# Bild in HTML ändern



## sunflower84 (30. Juni 2005)

Hallo

Also ich bin wirklich kein Anfänger mehr was HTML angeht. Aber ich bekomme einfach ein Bild nicht geändert,obwohl ich das schon so oft gemacht habe.
Das Bild heißt bg_start.jpg. Wenn ich es raus lösche ist es ganz klar weg. Aber wenn ich dann das alte raus lösche und ein anderes jpeg rein kopier und es genau so benenne wie das alte zeigt er mir immer noch nichts an. Das kann doch garnicht sein. Habe es auch mit verschiedenen jpegs versucht. Aber keines hat geklappt. Die Größe des Bildes ist 800x600 wie das alte. Hat da jemand vielleicht noch eine Idee an was das liegen könnte?

Lg
Sunflower84


----------



## ShadowMan (30. Juni 2005)

Hi du!

Ich hatte sowas öfters mal, weil ich das Bild nicht wirklich genau so genannt hatte. Geh doch einfach mal dann auf "Bild anzeigen" im Browser oder lass dir die URL des Bildes anzeigen. Da offenbart sich auch oft ein Fehler.
Hochgeladen ist es auch? (das passiert mir nämlich öfters mal... *g*)

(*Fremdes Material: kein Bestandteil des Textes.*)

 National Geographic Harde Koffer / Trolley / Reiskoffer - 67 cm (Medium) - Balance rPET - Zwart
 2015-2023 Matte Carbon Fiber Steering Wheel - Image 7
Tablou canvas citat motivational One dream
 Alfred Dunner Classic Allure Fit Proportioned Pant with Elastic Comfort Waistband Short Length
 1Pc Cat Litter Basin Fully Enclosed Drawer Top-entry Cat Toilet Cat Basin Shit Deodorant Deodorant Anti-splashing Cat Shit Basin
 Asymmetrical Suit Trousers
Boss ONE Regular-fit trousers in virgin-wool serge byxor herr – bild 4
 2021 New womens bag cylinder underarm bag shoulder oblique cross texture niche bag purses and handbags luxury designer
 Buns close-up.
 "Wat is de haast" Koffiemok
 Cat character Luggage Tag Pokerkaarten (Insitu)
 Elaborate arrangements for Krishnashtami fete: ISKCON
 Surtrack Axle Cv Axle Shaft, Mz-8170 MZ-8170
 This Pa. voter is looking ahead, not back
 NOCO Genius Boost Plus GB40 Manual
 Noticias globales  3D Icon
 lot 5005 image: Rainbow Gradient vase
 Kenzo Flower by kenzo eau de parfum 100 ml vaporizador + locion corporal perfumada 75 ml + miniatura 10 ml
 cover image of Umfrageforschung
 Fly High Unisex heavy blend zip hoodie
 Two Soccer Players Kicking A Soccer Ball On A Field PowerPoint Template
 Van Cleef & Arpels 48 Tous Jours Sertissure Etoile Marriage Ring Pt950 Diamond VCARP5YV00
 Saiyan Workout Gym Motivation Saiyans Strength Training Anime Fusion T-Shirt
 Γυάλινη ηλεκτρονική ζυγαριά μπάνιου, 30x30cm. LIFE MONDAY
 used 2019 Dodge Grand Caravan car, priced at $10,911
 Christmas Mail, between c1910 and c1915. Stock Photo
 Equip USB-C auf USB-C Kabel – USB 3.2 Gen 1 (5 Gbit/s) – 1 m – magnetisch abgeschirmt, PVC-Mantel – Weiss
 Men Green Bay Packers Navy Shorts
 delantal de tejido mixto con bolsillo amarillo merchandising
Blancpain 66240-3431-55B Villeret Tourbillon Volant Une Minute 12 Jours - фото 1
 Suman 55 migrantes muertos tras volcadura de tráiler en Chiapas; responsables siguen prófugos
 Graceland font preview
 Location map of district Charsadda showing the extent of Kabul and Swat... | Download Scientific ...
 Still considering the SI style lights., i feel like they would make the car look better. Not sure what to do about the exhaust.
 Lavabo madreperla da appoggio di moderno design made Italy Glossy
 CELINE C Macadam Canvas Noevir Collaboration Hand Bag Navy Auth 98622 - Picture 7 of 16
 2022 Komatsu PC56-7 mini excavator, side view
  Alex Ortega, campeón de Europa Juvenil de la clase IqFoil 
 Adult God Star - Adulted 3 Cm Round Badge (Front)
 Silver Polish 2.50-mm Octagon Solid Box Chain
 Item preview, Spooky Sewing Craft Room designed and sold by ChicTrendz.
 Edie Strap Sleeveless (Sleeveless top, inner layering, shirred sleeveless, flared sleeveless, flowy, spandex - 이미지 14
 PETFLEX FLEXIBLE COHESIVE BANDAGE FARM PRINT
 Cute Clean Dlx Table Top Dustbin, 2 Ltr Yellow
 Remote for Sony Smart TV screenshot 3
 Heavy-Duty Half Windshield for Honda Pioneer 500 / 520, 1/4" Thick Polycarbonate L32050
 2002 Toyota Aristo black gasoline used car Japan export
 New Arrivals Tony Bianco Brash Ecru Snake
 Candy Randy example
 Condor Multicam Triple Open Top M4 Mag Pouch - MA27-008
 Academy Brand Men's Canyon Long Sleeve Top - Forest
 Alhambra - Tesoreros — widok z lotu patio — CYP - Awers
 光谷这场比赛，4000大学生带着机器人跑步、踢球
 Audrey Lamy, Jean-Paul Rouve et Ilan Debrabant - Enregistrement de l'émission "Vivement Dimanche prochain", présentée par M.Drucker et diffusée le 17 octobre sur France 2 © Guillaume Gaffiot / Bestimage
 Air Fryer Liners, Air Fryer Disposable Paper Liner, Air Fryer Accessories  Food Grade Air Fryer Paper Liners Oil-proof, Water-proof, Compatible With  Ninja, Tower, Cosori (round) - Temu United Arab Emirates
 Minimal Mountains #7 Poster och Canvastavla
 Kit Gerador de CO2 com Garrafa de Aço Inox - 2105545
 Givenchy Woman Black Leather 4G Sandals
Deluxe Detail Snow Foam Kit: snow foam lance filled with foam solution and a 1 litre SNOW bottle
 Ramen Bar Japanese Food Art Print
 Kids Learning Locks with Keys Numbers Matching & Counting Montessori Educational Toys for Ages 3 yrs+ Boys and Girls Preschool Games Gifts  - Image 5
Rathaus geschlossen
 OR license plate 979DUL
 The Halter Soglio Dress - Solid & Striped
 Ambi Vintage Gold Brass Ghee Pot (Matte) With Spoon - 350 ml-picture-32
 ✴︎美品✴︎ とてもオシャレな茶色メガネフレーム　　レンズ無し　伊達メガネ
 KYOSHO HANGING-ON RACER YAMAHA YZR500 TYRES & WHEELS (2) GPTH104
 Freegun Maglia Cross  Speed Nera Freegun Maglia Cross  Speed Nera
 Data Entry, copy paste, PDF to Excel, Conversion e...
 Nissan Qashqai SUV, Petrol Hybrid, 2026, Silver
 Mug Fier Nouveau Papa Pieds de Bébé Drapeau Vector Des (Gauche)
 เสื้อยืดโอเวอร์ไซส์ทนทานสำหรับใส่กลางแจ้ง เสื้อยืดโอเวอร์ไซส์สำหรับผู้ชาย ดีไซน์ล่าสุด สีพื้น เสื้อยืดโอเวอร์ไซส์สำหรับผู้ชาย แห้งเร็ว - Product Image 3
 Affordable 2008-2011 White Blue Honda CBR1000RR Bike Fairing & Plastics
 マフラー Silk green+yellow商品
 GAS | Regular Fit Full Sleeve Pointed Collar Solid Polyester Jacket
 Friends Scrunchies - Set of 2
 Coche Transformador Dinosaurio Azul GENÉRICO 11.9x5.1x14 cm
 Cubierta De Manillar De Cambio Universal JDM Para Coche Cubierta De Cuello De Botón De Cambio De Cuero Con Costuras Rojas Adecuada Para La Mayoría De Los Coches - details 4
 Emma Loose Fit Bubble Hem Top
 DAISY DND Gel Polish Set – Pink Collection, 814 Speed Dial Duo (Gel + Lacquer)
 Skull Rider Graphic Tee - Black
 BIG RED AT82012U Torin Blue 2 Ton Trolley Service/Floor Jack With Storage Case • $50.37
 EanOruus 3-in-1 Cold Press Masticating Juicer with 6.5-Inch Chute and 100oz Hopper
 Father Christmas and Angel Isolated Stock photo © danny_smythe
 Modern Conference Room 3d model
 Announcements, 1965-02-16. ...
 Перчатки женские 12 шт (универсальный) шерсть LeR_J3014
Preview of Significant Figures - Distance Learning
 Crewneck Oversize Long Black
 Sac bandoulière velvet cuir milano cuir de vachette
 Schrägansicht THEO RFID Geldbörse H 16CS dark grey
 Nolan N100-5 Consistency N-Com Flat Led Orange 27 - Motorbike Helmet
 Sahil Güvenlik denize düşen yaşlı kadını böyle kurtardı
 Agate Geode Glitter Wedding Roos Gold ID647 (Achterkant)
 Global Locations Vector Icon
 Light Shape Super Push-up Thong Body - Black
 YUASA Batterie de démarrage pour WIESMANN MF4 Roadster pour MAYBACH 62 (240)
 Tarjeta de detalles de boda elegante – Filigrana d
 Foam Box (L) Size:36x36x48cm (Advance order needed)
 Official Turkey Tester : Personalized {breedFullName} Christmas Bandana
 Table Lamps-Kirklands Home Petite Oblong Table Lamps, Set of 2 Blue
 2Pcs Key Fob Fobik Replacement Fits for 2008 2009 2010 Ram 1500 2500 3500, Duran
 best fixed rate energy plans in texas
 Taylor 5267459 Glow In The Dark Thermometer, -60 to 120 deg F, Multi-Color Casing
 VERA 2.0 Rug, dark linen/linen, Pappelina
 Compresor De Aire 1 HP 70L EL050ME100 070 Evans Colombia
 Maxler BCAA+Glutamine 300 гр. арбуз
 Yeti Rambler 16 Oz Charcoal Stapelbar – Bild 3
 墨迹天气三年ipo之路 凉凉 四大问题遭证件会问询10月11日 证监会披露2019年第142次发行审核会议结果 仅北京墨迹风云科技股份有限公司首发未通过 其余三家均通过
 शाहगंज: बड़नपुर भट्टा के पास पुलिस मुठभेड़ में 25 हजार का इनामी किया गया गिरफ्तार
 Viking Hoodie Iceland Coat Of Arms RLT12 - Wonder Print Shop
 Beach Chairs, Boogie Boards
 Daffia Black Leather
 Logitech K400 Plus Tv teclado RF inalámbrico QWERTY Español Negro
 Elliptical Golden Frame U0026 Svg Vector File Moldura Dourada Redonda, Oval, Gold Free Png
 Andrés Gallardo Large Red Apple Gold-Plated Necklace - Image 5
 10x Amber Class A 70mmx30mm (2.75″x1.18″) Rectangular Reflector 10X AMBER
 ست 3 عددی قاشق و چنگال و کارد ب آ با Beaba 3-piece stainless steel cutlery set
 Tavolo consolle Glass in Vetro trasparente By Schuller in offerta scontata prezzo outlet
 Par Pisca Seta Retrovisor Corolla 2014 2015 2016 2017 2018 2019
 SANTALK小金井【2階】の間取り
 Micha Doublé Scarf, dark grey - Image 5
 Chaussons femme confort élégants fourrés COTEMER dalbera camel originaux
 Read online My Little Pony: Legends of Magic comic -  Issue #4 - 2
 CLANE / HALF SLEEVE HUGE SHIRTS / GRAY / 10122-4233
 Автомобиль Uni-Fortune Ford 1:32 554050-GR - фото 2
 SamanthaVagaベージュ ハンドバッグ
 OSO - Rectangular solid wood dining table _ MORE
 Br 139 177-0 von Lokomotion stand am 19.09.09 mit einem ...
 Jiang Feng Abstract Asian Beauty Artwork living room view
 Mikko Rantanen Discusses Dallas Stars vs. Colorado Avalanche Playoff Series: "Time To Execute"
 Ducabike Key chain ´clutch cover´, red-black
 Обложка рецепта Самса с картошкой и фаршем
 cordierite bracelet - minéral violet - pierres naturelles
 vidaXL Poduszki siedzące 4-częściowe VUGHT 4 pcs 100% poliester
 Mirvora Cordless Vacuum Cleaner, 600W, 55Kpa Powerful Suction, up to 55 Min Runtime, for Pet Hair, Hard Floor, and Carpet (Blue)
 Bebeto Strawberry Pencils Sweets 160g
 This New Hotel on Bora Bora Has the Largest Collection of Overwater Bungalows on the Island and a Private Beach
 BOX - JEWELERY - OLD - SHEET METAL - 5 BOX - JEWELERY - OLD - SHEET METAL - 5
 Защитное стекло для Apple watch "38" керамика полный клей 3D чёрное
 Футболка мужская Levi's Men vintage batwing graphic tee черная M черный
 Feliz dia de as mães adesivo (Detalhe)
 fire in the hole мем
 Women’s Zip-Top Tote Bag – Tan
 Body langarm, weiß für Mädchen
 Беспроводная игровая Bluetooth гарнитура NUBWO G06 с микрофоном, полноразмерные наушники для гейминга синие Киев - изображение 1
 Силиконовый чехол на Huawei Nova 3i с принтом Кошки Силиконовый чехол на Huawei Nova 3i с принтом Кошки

Was mir sonst noch einfällt: Vielleicht mal nen anderen Browser ausprobieren?

Lg,
Manuel ;-]


----------



## sunflower84 (30. Juni 2005)

Hi

Also der Namen des Bildes stimmt. Den Browser hatte ich auch schon gewechselt.
Wie soll ich denn das Bild anzeigen lassen. Ich sehe einfach eine leere Seite. Kein rotes x oder sowas wo er mir das Bild nicht anzeigen kann. Die Seite ist komplett leer.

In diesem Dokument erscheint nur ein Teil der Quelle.